Work request:
Take the lines from the beginning of the material through the line containing "In a selfie" and retype them exactly, leaving the pictures out.

Data for this task:
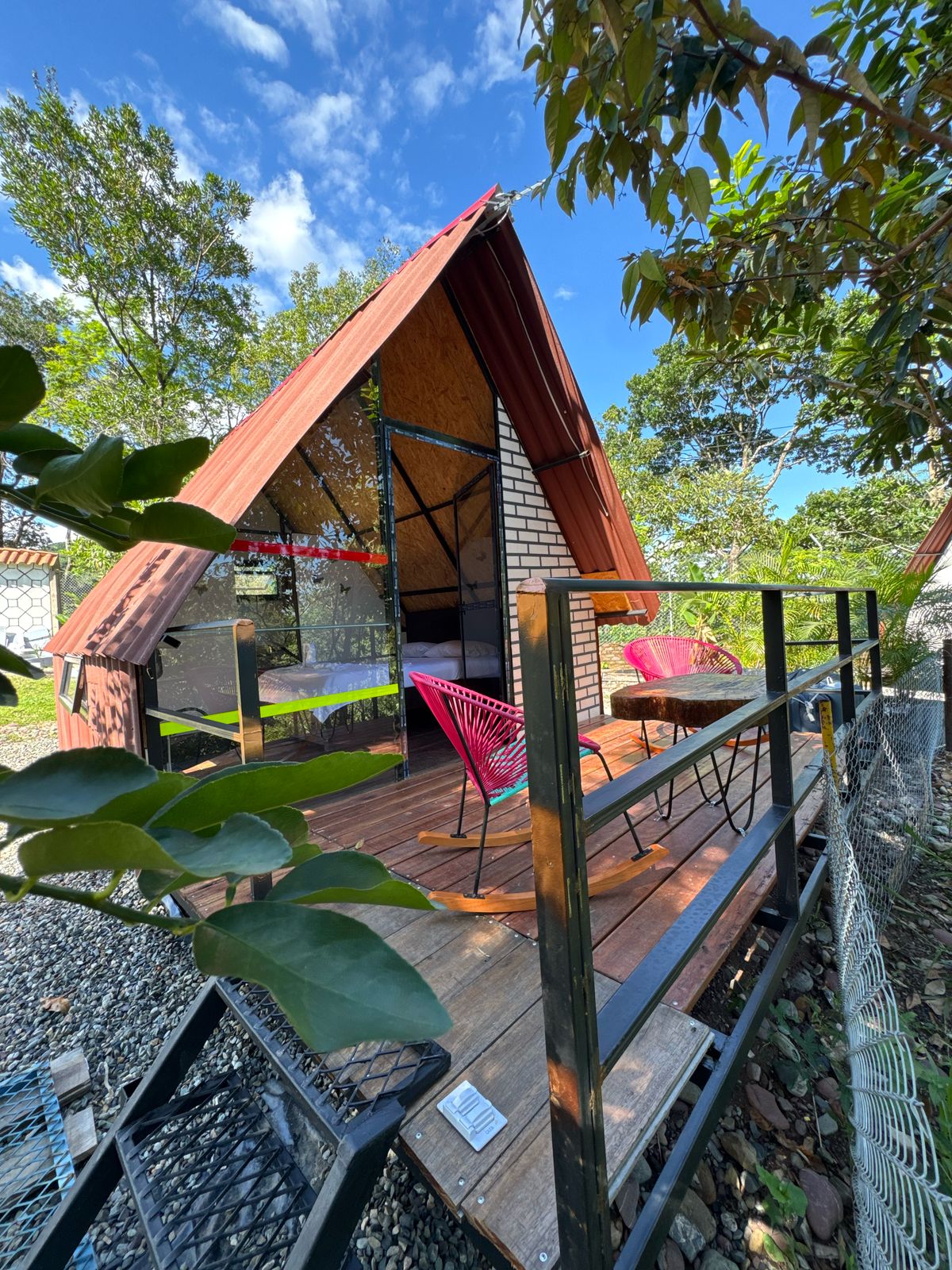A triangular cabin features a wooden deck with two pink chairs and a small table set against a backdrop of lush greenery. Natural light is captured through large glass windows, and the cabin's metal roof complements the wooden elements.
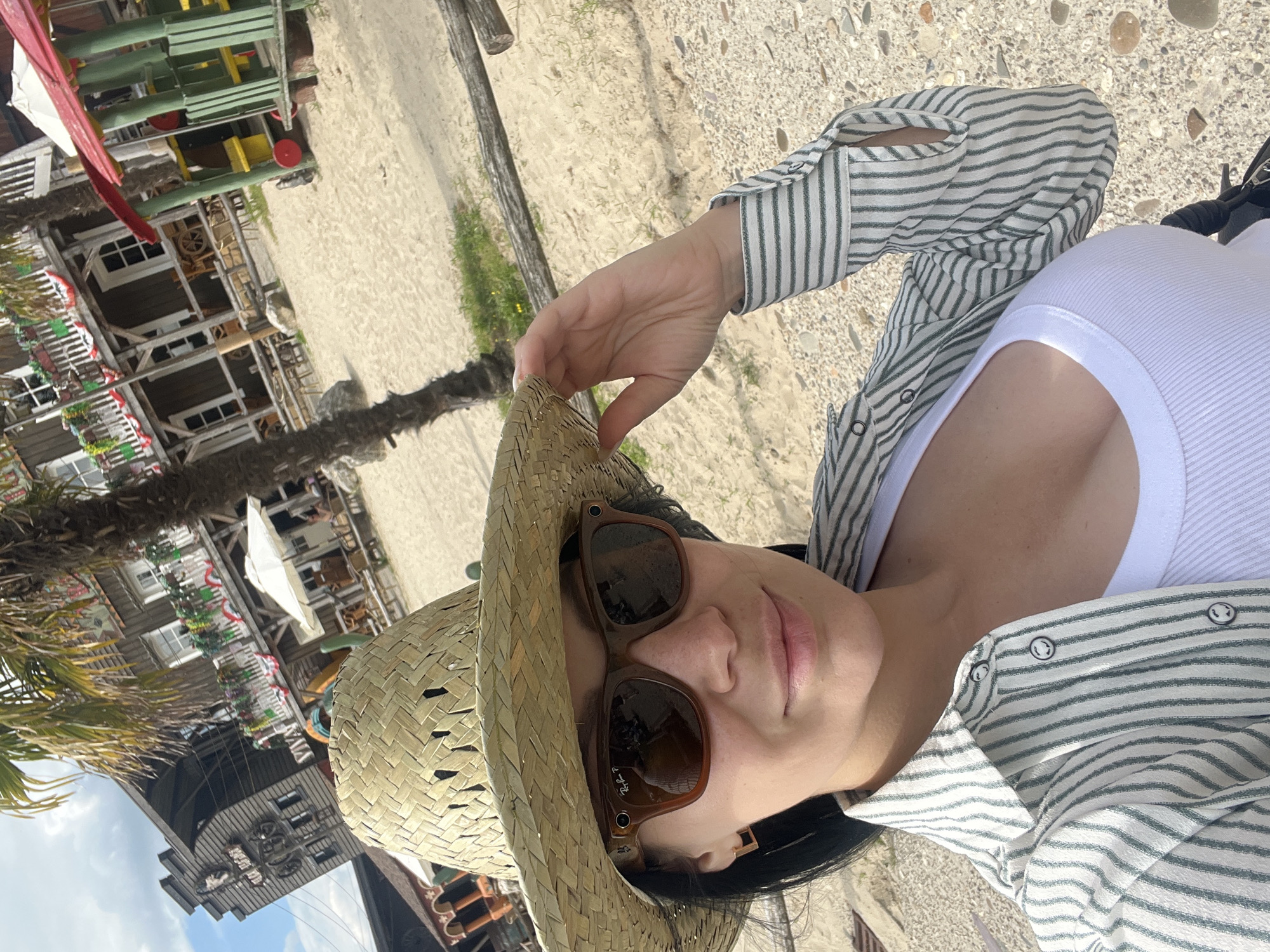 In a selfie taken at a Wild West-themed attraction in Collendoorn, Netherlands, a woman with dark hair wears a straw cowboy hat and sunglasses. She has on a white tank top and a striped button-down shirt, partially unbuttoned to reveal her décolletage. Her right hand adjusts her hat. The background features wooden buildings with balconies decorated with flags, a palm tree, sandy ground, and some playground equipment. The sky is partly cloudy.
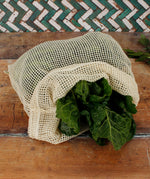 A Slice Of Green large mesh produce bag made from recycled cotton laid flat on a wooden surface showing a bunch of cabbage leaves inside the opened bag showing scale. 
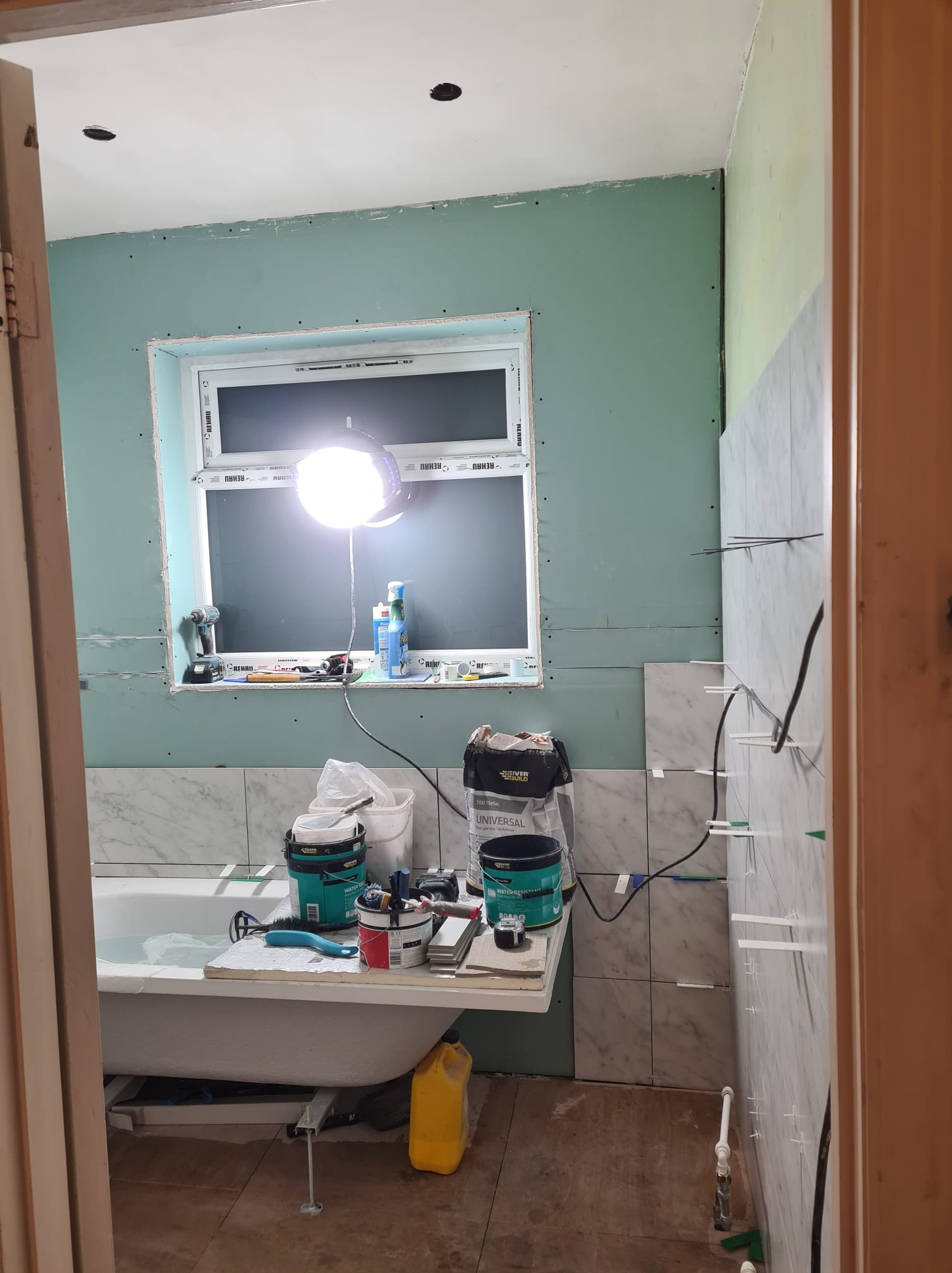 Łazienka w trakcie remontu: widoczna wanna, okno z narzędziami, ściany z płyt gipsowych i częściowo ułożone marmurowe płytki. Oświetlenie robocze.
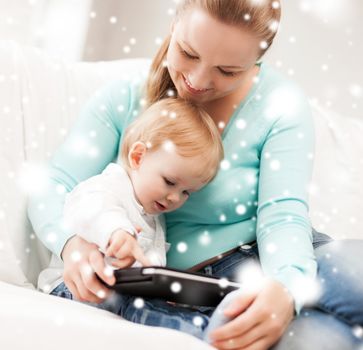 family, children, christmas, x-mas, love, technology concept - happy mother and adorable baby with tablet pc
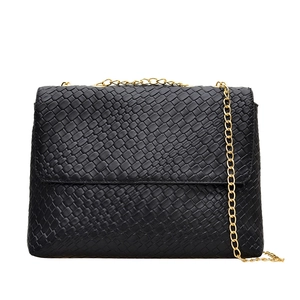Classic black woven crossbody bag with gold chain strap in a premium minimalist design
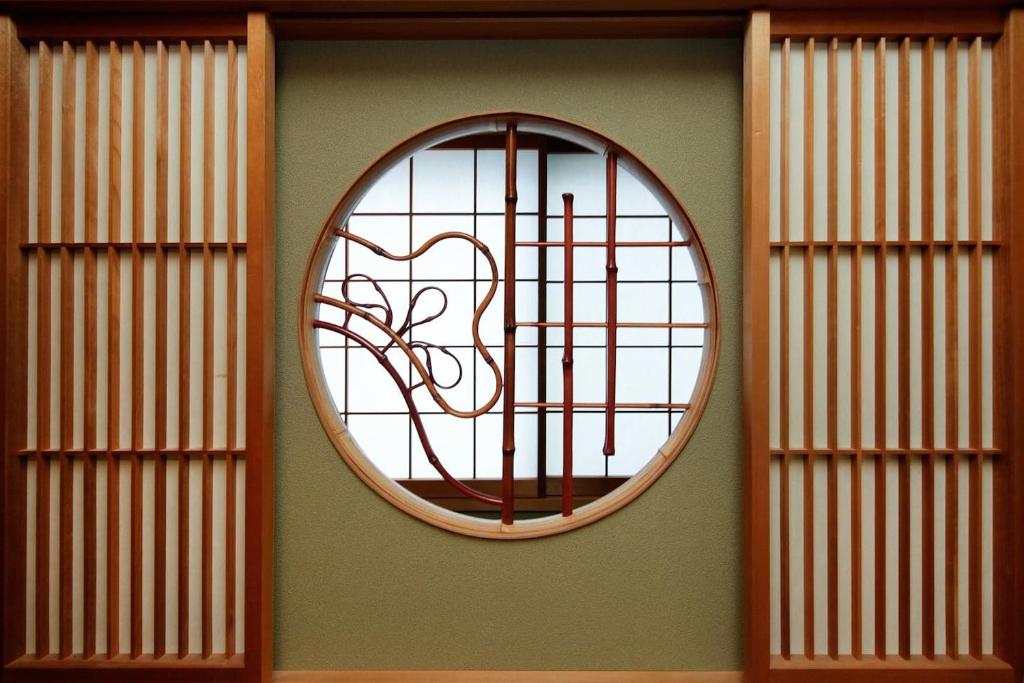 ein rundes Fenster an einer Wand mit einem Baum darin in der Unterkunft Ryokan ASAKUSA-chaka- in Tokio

Written answer:
A triangular cabin features a wooden deck with two pink chairs and a small table set against a backdrop of lush greenery. Natural light is captured through large glass windows, and the cabin's metal roof complements the wooden elements.
 In a selfie taken at a Wild West-themed attraction in Collendoorn, Netherlands, a woman with dark hair wears a straw cowboy hat and sunglasses. She has on a white tank top and a striped button-down shirt, partially unbuttoned to reveal her décolletage. Her right hand adjusts her hat. The background features wooden buildings with balconies decorated with flags, a palm tree, sandy ground, and some playground equipment. The sky is partly cloudy.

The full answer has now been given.